CLIMATE CODE RED
The Public Interest Research Centre is preparing a UK edition of Climate Equity’s “Climate Code Red” (Australia) report for publication. Piecing together snippets of press releases and other reports by some of the contributors I advise you to be prepared for bad news, really bad news.
Jersey like many other governments has set CO2 reduction targets to meet Kyoto protocol agreements. These are predicated on 2 degrees Celcius global temerature rise being ‘safe’. It was thought we have a couple of decades to get our act together, and the effects wouldn’t kick in until the end of the century. No hurry. 2 degrees is something around 550 ppm CO2 in the atmosphere.
Some time ago NASA scientist James Hansen and others revised their view of ‘safe’ to 450 ppm, around 1.7 degrees temperature rise. Now Hansen doesn't believe in 450 ppm any more. That figure was chosen partly because it seemed impossible to stop the rise in carbon dioxide before that and it seemed relatively safe. Latest reports and findings suggest that the precautionary safe level is in fact 0.5 of one degree temperature rise.
Hansen said: "Recent greenhouse gas emissions place the Earth perilously close to dramatic climate change that could run out of our control, with great dangers for humans and other creatures.

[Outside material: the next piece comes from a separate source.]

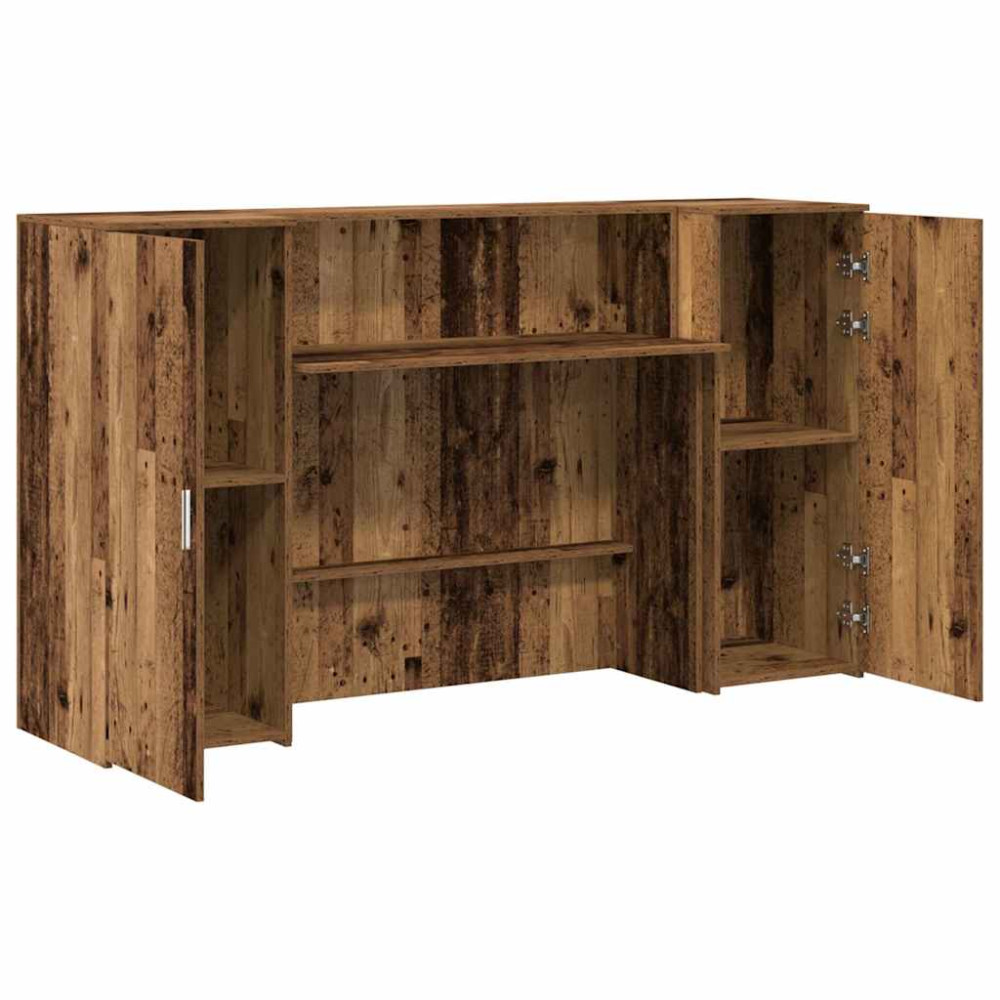 Produktbild för Receptionsdisk åldrat trä 180x50x103,5 cm konstruerat trä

There is already enough carbon in the Earth’s atmosphere for massive ice sheets such as West Antarctica to eventually melt away, and ensure that sea levels will rise metres in coming decades. Climate zones such as the tropics and temperate regions will continue to shift, and the oceans will become more acidic, endangering much marine life. We must begin to move rapidly to the post-fossil fuel clean energy system. Moreover, we must remove some carbon that has collected in the atmosphere since the Industrial Revolution.” So James Hansen is now spearheading a campaign to get 350 ppm recognized as the real long-term target we should be aiming at.

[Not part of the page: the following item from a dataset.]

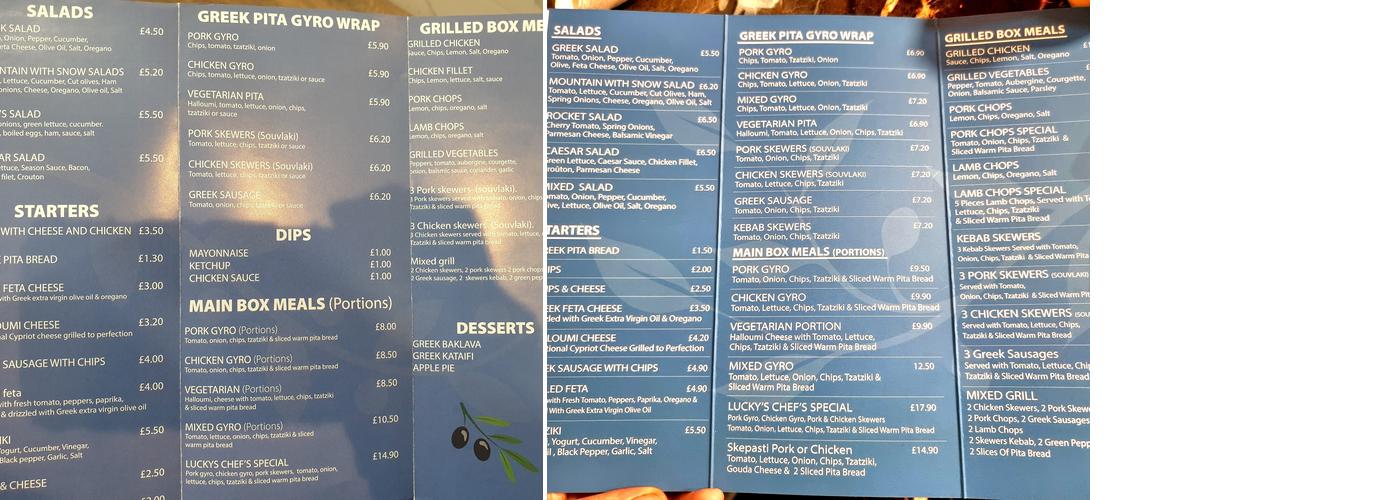 Lucky's Souvlakis Menu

We are already at 378 and adding 3ppm per year. You don’t need to do the maths. We have passed the tipping point on this basis. If this is correct the challenge now is to remove CO2 from the atmosphere or somehow cool the planet artificially. There are many putative geoengineering schemes to do this – stratospheric seeding, treating oceans with iron, giant space mirrors, letting of a few nuclear warheads (seriously !) and so on and so on. Not one of these is sufficiently well understood to know the full effects, side- effects and eco implications. Its like playing a hand of poker, and the stakes are life or extinction.
It rather makes our local C02 reduction targets look pathetic. We revised the Strategic plan 4 years early because it didn’t fit the facts, but our emisssion reduction plans are untouched, despite also clearly being out of touch with the latest facts. As for the local threat of sea level rise of meters in decades, we simply have no adequate response in place. Our Council of Ministers are to hold an emergency meeting on fuel and food price rises, but ignore this more pressing emergency that will have repercussions much more severe than price rises.
The Scottish Environment Protection Agency has a handy table showing the contribution to climate change from key emissions.
http://www.sepa.org.uk/climate/science.h tm
Gas | Primary Source contributing to global warming | Percentage contribution to global warming | Effective lifetime | Increase in concentration circa 1750 to 2005 | Global Warming Potential |
Carbon dioxide CO2 | Fossil fuel use Land-use change (about 20 to 25%) | 65% | 100 years | 280 to 379 parts per million (ppm) | 1 |
Methane CH4 | Agriculture | 20% | 12 years | 715 to 1774 parts per billion (ppb) | ~25 |
Nitrous oxide N2O | Agriculture | 15? | 114 years | 270 to 319 ppb | ~300 |
It’s clear enough to me. We have to tackle CO2 right enough, but we cannot ignore the other third of emissions contributions to climate change. Methane output is primarily farm animals, notably bovines. Nitrous Oxides is mostly artificial fertilizers where there is also a link to fossil fuel usage through the production process.
Changing agriculture has an important part to play, both directly and indirectly. Change our diet –much less meat and animal products, and the methane emissions should drop. Make the agriculture we do organic and the nitrous oxide emissions should also fall. The extra area of land freed up from growing a predominantly vegetarian diet should be reforested with mixed indigenous species. Unlike other geo-engineering approaches we know that is not catastrophic to the eco system. Indeed its putting the landscape back towards what it was a before humans started chopping down every tree in sight.
In our island where we have an unusually large dairy herd for our population size, and CO2 emissions rates nearly twice those of the European average, we have a lot to do. Starting with diet and agriculture is something we can and must do now.